At their heart, electric bikes—generally shortened to e-bikes or e-assist bikes—are otherwise traditional bikes and trikes that utilize a small battery-powered motor to augment a cyclist’s pedaling efforts. There is also a class of e-bike that can be activated solely by a throttle. Commonly sold e-bike motors generally output between 250 and 750 watts (or between a third and a full horsepower).
The electric assist is typically used by riders to keep up their pace over distances or up inclines. Despite the performance boost, Kegel said that riding an e-bike “is a very intuitive experience. It’s just like riding a [traditional] bike, but it makes you feel stronger than you actually are—you feel like Superman.”
It might be that superhero ability that creates concerns for some users of multiuse trails or gives rise to the idea that an e-bike differs from a motorcycle only in name.
As e-bikes have risen in popularity—extending access to trails and bicycling for many—their increased presence, during a time when trail policies and recommendations are in their infancy or vary at the local, state and national levels, has also led to questions around their use and, at times, negative perceptions.
A cyclist and e-bike activist in Palo Alto, California, Paul Trainer has been riding e-bikes since long before they were commercially available and takes issue with the motorcycle comparison. “I built my first e-bike when I was in high school; this was in like 1969,” he said. “They’ve been a part of my life forever.” Trainer’s first home-built e-bike was powered by lead-acid batteries carried in modified saddlebags—the same bulky, heavy batteries that have powered the starter motor of automobiles for decades.
While today’s refined e-bikes have much better batteries and more powerful motors, “they are still essentially bicycles,” argued Trainer. “They’re still made out of bicycle parts.” Trainer is adamant that comparing a motorcycle even to those types of e-bikes that move with just the push of the throttle misses the mark. E-bikes are very nearly silent and emit no exhaust; trying to compare a single-horsepower electric bike to a motorcycle that outputs 100-plus horsepower, Trainer said, is a false equivalency.

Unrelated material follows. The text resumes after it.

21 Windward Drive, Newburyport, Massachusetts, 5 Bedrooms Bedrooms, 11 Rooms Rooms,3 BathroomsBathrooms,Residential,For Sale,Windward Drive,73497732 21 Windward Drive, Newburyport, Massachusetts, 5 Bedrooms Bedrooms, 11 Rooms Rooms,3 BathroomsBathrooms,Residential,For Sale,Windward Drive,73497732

And it’s not just a philosophical distinction, said Dr. Ash Lovell, the electric policy and campaign director of PeopleForBikes, the bicycle industry’s trade association. Her organization developed the three-class system of categorizing e-bikes [see sidebar on e-bike classes] that has so far been codified into law by 40 states. “Anything that goes faster than 20 miles an hour with throttle power is just not an electric bike under the definition,” she said. But legal definitions aside, Lovell noted that “technology always wants to get ahead of regulation” and pointed to increasing numbers of direct-to-consumer products that are pushing the limits of the definition of an e-bike in terms of their size and speed—going outside the bounds of the classifications that are becoming a universal guide for understanding the technology.
E-Bike Classes
Class 1: E-bikes are pedal-assist models with motors that work only while the rider is pedaling. They have a top speed of 20 mph, at which point the motor automatically disengages. While riders can go faster, any speeds above 20 mph are courtesy solely of the rider’s muscle power.
Class 2: E-bikes have a throttle, allowing the motor to power the bike even without the rider pedaling. The motor stops providing assistance at speeds in excess of 20 mph.
Class 3: E-bikes are the most powerful; again pedal-assisted, these bikes can reach 28 mph before the motor stops providing power.
Typically, when e-bikes are allowed on multiuse trails, they have been Class 1 and 2, and subject to the same rules and regulations that govern other cyclists.
Electric Popularity
Regardless of what classification tier they fall into, e-bikes are the fastest-growing segment in the bike industry and, for several years now, have even outpaced electric vehicles in terms of units sold, said Lovell.
Lovell noted that the speedy adoption of e-bikes over the past decade can be attributed in large measure simply to the joy they bring to riding, but also because they “reduce a lot of barriers for people to get on their bike at all. Maybe you’re … not as physically fit as you once were, but you still want to get out and ride,” she said.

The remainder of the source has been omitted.